Roger Tscheulin (CDU) hingegen gab sich geschichtsbewusst und erinnerte daran, dass diese Wege wohl schon seit Jahrtausenden benutzt würden und seit jeher so attraktiv seien, dass da keine Sperren hülfen. Außerdem müsse man irgendetwas planen, weil der jetzige Zustand nicht so bleiben könne. Er regte zudem an, sich auch Gedanken über ein Informationssystem (etwa per App) zu machen, das den Erholungssuchenden Wissen über dieses herrliche Stück Natur einschließlich des angrenzenden Sees samt Teufelstisch vermittelt.

Der Fels in der Brandung

Auch Anselm Venedey (FWK) ist für die in den Augen vieler eh unvermeidliche Wiedereröffnung, regte aber an, sich über einzelne Maßnahmen noch mal Gedanken zu machen. Schließlich stehe der Mondfelsen dort seit Jahrtausenden, da sei es nicht unbedingt einsichtig, dass man Millionen für dessen Stabilisierung ausgeben müsse. Hier möge die Verwaltung doch bitte prüfen, was denn wirklich notwendig sei. Venedey hatte sich zudem eigens über haftungsrechtliche Fragen des Naturerlebens schlau gemacht und konnte die Verwaltung auf zwei informative Texte verweisen: 1. zur Verkehrssicherungspflicht und 2. zu waldtypischen und walduntypischen Gefahren. Nach einem kurzen Selbstversuch empfehle ich allen juristischen und psychiatrischen Laien, aus diesen Schriften einfach auf mein Wort hin die Lehre zu ziehen, dass man sich auf hoher See und vor Gericht in Gottes Hand befindet – und sich die Lektüre für jene trostlosen Tage aufzusparen, an denen sie sich ohnehin aus innerer Zerknirschung Bußübungen in einer Dunkelzelle auferlegen.

Disneyland on the Beach?

Einen anderen Aspekt brachte Anke Schwede (LLK) in die Debatte ein, als sie fragte, für wen denn die Marienschlucht wiedereröffnet werden solle: Sie lehnte etwa einen Baumwipfelpfad ebenso ab wie ein Kiosk und warnte vor einem massentouristischen Angebot. Sie erinnerte auch an jene seltenen Tiere und Pflanzen, die sich hier in ihre ökologische Nische drücken und geißelte die bisherigen Pläne als zu vage. Bürgermeister Weckbach versicherte ihr, es sei keinesfalls an ein Klein-Disneyland am Bodensee gedacht und bat darum, das Geld für die Planung freizugeben, damit die Überlegungen endlich konkretisiert werden können.
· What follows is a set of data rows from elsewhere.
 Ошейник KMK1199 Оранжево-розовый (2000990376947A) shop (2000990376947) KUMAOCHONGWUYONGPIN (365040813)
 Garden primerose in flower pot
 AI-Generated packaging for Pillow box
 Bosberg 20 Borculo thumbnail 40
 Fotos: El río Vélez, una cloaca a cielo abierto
Am Ende gab es erwartungsgemäß eine große Mehrheit dafür, jetzt mit der Planung zu beginnen mit dem Fernziel, das Gebiet wieder freizugeben.

Airbnb & Co.

Ein Gericht hat auf Antrag der Stadt München den Branchenriesen Airbnb dazu verdonnert, Auskunft über die Vermieter von Ferienwohnungen in der bayerischen Hauptstadt zu geben, auf dass die Stadt München jene, die gegen das Zweckentfremdungsverbot verstoßen, aufspüren und unnachsichtig bestrafen kann.
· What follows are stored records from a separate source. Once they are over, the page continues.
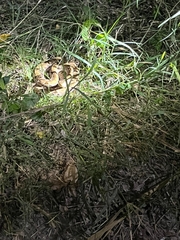 Bothrops asper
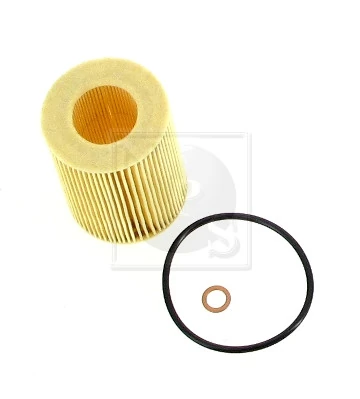 H131I04 NPS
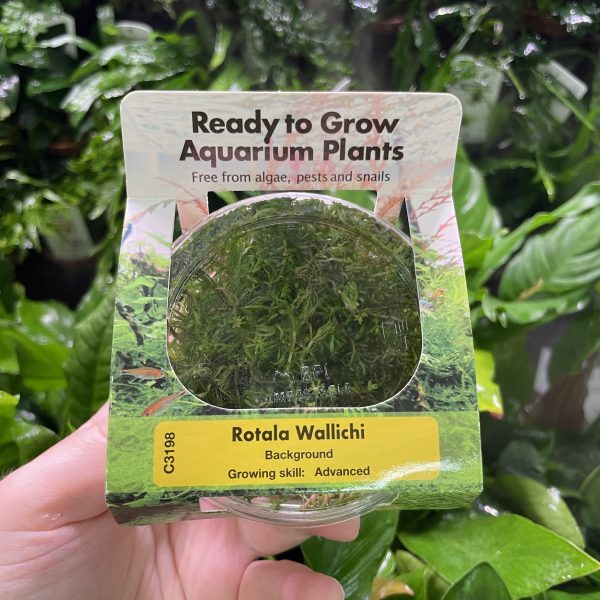 RTG Rotala Wallichi tc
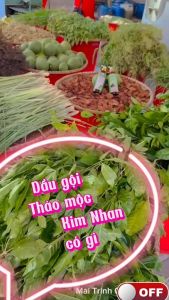 Dầu Gội Chè cỏ dành cho mẹ bầu và sau sinh Thảo mộc Kim Nhan Đồng Quê - 500ML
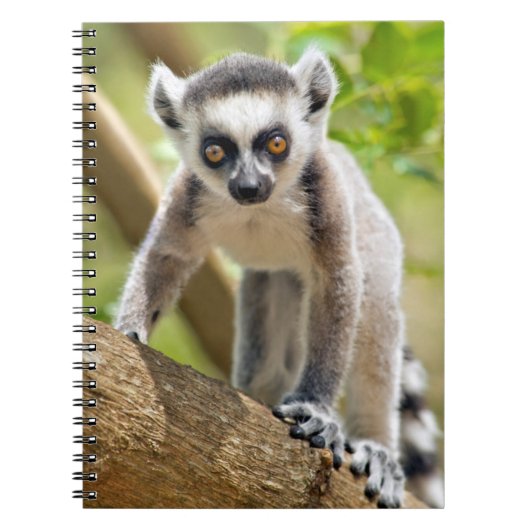 Carnet Lemur de bébé (Devant)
Die Konstanzer FGL und LLK haben sich jetzt mit zwei nach Angaben des Oberbürgermeisters nahezu gleichlautenden Anfragen an die Verwaltung gewandt: Ob denn Konstanz ähnlich zu handeln gedenke. Der Oberbürgermeister berichtete, die Verwaltung arbeite daran auf seine Veranlassung bereits seit Dezember und sei selbstverständlich festen Willens, die Missetäter mit allen (legalen) Mitteln zur Strecke zu bringen. Dazu halte man Kontakt zur Stadt München und sei auch bereit, hier Pionierarbeit für Baden-Württemberg zu leisten. Ach ja: Auch booking.com und fewo-direkt.de sollte man nicht vergessen, auch mit Anfragen an diese Adressen lassen sich profitgierige Missetäter bis ins Mark erschrecken und auf den Weg der vermieterischen Tugend zurückführen!

Bürgerfragestunde ausgefallen

Die Bürgerfragestunde hingegen fiel ausnahmsweise aus. Erstaunlicherweise hatten sich nicht einmal einige Büdinger eingefunden, um sich mit geheucheltem Mitleid zu erkundigen, wie die Verwaltung denn den Backenstreich verkraftet hat, der ihr vom Gericht in der letzten Woche in Sachen Luxushotelneubau verpasst wurde. Da auch eine für ihre Redebeiträge bekannte Respektsperson vorzeitig den Raum verlassen hatte, beantragte der Vorsitzende des Stadtseniorenrates als einer von zwei noch verbliebenen Zuhörern, auf die Bürgerfragestunde zu verzichten, und der Gemeinderat gab dem sichtlich erheitert statt.

So wurde es denn ein kurzer Abend im Ratssaal, und manches tragische Seufzen war zu hören bei denen, die jetzt nach Hause mussten zu ihren Familien, einen auf Harmonie zu machen, statt wie sonst bis in die tiefe Nacht hinein den (eigentlich heiß und innig geliebten) politischen Gegner zermürben zu dürfen.